Dios Padre está en el cielo. Jesús subió al cielo. Y llega el día en que el Padre y el Hijo nos envían al Espíritu Santo. El Espíritu se convierte en el “gran Enviado”, el Misionero del Abbá y de Jesús. Desde el día de Pentecostés hasta el final de los tiempos, el Espíritu está con nosotros, actúa en la tierra y en sus pueblos y en todo el planeta, en el cosmos. Ha recibido la misión de llevarlo todo a plenitud.
Dividiré esta homilía en tres partes:
- Diagnósticos crueles
- Mientras haya Espíritu hay aliento
- El Pentecostés permanente
Diagnósticos crueles
Hay diagnósticos crueles -sobre el presente y el futuro de nuestro mundo-, que nos hunden en la desesperación. En ellos se toma la parte por el todo. Bastan unas averías, para que al organismo en que muchas cosas funcionan, se le anuncie el más tétrico de los futuros.

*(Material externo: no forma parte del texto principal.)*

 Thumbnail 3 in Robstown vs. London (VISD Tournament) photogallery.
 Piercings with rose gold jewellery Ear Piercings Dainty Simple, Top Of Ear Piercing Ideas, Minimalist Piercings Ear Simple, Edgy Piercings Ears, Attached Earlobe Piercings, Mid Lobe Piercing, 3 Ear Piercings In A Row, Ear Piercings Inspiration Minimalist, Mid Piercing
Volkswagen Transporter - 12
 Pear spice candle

Así son muchos de los diagnósticos que hacemos sobre la sociedad, sobre la política, sobre la Iglesia, sobre nuestros grupos: ¡diagnósticos crueles en los que la parte suplanta al todo!

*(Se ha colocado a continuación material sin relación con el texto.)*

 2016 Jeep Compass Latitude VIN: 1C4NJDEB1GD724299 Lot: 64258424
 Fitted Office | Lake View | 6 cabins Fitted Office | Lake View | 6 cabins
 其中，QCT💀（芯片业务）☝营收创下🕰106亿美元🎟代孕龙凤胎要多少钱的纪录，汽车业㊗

Nuestro mundo no es tan malo como parece: ¡está herido de muerte por el Espíritu que nos ha sido dado! -como proclama hoy la primera lectura de los Hechos de los Apóstoles- .El pesimismo como norma es una enfermedad que lleva a la creencia de que cada nueva generación es peor que la anterior. Nos vuelve insensibles ante las nuevas formas del bien. Nos hace creer que el mal que nos torna violentos, corruptos, airados, envidiosos, dependientes… ¡es invencible! Y, sin embargo,
Mientras haya Espíritu hay aliento
Mientras haya aliento hay vida. El Espíritu Santo es el aliento, la respiración del mundo. El Espíritu es “el Dios de guardia”; está en misión activa desde el día en que Jesús lo exhaló desde la Cruz, desde el día de Pentecostés en que se derramó como lenguas de fuego.
El Dios Padre que está en el cielo, el Dios Hijo que está también en el cielo, ¡no nos han dejado huérfanos! Nos han enviado conjuntamente su Espíritu, su Aliento, para que sea el Aliento del mundo.
El Espíritu llena la faz de la tierra, penetra hasta lo más íntimo del corazón de los seres humanos. El Santo Espíritu nos hace respirar, vivir, soñar, amar, crear. El Espíritu en el aprieto nos da anchura, en la enfermedad nos invita a creer en la sanación, en el caos nos vuelve creadores.
¡Creo en el Espíritu Santo, Señor y dador de vida! Esta confesión de fe no es una mera fórmula teológica. Es la fe en una experiencia permanente, histórica. Sin los ojos de la fe, la trama de la historia resulta inquietante y deprimente. Bajo la mirada del Espíritu el diagnóstico es decididamente positivo.
El Pentecostés permanente
A veces anhelamos la llegada de un nuevo Pentecostés, cuando llevamos tantos siglos de Pentecostés permanente. Y es que le damos demasiada importancia al mal. Jesús se lo quitó, aunque no pareciera políticamente correcto, cuando dijo: “pobres tendréis siempre con vosotros” (Mt 26,11). Jesús nunca nos prometió una sociedad sin pobres, un mundo sin males, un cuerpo sin enfermedades; pero sí nos prometió el Espíritu Paráclito, que estaría siempre con nosotros y haría posibles los sueños de Dios sobre la humanidad. Sí, le damos demasiada importancia al mal, y muy poco a la presencia victoriosa del bien.
Las personas negativas renuncian a la bolsa de oxígeno para ahogarse desde sus pulmones sin aliento. Son incapaces de descubrir el Espíritu que alienta en toda la creación y en toda la humanidad.
Las personas que han recibido la llamarada del Espíritu, el viento recio del Espíritu, experimentan en ellas y en los demás un florecimiento inusitado de carismas, de dones, que hacen posible lo imposible. Confían en los ritmos de Dios. Celebran el hecho de que desde hace ya muchos siglos hay en la humanidad una fuente de Agua Viva que todo lo fecunda y que hace cada vez más próximo el Paraíso.
El Santo Espíritu es la Respiración del mundo. Vivimos gracias al Espíritu. Y, cuando una persona, llena del Espíritu muere, no pierde el Espíritu, lo exhala sobre los demás.
Quieran el Abbá y Jesús concedernos en este día la gracia de “respirar como conviene” y que después de llenarse los pulmones de Espíritu, la Iglesia entera se torne más sonriente y emprenda el camino de sus más profundos sueños.